After finding the line with "DONUTS 95 — Bakeries & Desserts photo 2 of 5" in the entries below, retype exactly each line from there through the line with "Отдел кадров цемзавод", including that final line.

Records to use:
┌────────
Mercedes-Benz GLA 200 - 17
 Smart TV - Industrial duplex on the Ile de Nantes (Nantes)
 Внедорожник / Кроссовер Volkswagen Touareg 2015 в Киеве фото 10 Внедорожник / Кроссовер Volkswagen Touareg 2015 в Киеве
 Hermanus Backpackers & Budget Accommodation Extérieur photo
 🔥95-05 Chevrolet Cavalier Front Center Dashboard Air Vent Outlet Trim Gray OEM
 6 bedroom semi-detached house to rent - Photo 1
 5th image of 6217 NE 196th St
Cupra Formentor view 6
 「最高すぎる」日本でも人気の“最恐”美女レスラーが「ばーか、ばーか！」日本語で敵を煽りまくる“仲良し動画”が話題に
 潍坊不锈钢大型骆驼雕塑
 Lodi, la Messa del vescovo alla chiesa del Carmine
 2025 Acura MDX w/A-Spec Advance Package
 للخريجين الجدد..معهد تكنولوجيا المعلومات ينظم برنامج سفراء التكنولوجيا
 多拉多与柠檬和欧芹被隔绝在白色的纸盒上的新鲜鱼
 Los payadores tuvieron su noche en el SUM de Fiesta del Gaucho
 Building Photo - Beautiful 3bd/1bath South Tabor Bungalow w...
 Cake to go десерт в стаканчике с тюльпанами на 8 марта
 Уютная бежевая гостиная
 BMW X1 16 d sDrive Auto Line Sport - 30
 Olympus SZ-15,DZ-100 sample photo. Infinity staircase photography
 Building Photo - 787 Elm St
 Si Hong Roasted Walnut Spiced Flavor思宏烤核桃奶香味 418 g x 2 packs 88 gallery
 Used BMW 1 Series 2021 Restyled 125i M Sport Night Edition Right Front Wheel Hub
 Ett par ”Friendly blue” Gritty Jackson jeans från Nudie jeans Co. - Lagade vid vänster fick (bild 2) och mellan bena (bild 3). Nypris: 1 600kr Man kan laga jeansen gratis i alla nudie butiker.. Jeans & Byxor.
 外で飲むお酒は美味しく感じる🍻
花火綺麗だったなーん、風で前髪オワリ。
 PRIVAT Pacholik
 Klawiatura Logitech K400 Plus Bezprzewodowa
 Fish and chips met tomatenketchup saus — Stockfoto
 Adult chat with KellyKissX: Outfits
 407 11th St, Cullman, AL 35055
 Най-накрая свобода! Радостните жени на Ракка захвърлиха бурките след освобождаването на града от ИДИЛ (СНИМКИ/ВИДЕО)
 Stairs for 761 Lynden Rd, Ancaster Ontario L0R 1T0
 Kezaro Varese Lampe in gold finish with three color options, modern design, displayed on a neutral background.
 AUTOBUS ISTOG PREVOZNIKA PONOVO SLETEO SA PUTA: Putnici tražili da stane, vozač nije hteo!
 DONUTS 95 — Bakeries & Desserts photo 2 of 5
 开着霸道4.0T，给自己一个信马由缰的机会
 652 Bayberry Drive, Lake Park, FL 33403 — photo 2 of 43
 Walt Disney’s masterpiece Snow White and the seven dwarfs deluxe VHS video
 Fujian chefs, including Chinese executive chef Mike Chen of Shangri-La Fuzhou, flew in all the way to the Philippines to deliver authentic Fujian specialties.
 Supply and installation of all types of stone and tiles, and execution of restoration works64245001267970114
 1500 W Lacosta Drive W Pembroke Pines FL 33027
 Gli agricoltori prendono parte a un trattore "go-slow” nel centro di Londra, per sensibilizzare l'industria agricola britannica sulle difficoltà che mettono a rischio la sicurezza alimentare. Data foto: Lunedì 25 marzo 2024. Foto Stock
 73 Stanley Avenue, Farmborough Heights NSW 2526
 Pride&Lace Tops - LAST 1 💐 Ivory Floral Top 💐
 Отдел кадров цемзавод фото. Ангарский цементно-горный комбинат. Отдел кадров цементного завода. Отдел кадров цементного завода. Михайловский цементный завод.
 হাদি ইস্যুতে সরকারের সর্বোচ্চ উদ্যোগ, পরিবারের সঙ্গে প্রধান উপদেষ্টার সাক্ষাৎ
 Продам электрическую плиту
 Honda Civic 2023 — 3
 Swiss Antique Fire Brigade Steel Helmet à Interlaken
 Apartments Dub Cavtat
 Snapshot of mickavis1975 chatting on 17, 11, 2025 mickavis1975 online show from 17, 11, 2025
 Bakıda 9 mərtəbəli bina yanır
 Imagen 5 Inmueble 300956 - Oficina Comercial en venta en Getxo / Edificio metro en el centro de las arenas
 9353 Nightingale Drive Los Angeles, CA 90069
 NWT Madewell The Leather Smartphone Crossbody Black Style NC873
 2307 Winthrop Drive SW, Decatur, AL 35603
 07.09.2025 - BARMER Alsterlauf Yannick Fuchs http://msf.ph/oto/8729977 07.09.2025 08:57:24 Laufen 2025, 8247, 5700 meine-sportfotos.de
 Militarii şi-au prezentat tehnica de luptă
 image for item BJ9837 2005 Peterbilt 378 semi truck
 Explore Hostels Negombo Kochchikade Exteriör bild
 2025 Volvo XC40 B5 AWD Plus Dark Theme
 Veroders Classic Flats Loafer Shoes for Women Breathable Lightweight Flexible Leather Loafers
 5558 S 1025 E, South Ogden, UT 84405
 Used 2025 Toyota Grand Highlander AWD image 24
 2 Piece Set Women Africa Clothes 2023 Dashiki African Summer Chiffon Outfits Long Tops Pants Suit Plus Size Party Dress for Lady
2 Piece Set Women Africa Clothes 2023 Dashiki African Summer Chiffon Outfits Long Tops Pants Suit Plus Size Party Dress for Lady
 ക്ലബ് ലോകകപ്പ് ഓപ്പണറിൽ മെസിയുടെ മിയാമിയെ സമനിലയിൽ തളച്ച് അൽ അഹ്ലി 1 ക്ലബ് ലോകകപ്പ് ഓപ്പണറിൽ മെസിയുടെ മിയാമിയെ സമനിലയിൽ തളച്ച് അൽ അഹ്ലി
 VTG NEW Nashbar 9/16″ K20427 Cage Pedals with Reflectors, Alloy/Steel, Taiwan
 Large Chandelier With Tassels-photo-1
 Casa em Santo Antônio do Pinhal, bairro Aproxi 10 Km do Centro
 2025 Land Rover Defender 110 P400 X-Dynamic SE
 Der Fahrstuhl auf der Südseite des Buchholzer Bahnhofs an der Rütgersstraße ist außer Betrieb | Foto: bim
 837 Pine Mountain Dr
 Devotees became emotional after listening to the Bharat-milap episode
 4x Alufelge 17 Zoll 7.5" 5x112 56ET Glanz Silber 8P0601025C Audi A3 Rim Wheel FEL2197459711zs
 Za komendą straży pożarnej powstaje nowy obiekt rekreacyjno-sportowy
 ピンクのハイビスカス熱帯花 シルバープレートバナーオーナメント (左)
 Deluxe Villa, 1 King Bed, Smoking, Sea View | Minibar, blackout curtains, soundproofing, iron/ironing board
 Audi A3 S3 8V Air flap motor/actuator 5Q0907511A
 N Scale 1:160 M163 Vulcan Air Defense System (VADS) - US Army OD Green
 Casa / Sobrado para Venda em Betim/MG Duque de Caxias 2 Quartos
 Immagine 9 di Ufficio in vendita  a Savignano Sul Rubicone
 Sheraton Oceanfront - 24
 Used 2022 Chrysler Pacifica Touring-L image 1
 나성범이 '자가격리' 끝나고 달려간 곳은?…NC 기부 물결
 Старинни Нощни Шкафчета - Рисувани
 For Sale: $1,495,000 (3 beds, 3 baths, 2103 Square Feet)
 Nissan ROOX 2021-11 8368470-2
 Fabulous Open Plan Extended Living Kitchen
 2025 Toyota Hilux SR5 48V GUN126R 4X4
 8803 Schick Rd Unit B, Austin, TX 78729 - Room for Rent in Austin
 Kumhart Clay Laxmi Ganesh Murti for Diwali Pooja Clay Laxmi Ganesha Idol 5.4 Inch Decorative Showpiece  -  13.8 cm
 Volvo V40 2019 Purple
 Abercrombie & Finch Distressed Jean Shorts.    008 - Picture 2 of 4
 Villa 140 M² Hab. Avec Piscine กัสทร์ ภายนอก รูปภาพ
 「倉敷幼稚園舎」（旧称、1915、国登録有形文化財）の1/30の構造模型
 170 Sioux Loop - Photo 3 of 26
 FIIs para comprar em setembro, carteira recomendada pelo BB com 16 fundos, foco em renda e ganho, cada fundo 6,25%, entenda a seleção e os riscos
└────────
Worked solution:
 DONUTS 95 — Bakeries & Desserts photo 2 of 5
 开着霸道4.0T，给自己一个信马由缰的机会
 652 Bayberry Drive, Lake Park, FL 33403 — photo 2 of 43
 Walt Disney’s masterpiece Snow White and the seven dwarfs deluxe VHS video
 Fujian chefs, including Chinese executive chef Mike Chen of Shangri-La Fuzhou, flew in all the way to the Philippines to deliver authentic Fujian specialties.
 Supply and installation of all types of stone and tiles, and execution of restoration works64245001267970114
 1500 W Lacosta Drive W Pembroke Pines FL 33027
 Gli agricoltori prendono parte a un trattore "go-slow” nel centro di Londra, per sensibilizzare l'industria agricola britannica sulle difficoltà che mettono a rischio la sicurezza alimentare. Data foto: Lunedì 25 marzo 2024. Foto Stock
 73 Stanley Avenue, Farmborough Heights NSW 2526
 Pride&Lace Tops - LAST 1 💐 Ivory Floral Top 💐
 Отдел кадров цемзавод фото. Ангарский цементно-горный комбинат. Отдел кадров цементного завода. Отдел кадров цементного завода. Михайловский цементный завод.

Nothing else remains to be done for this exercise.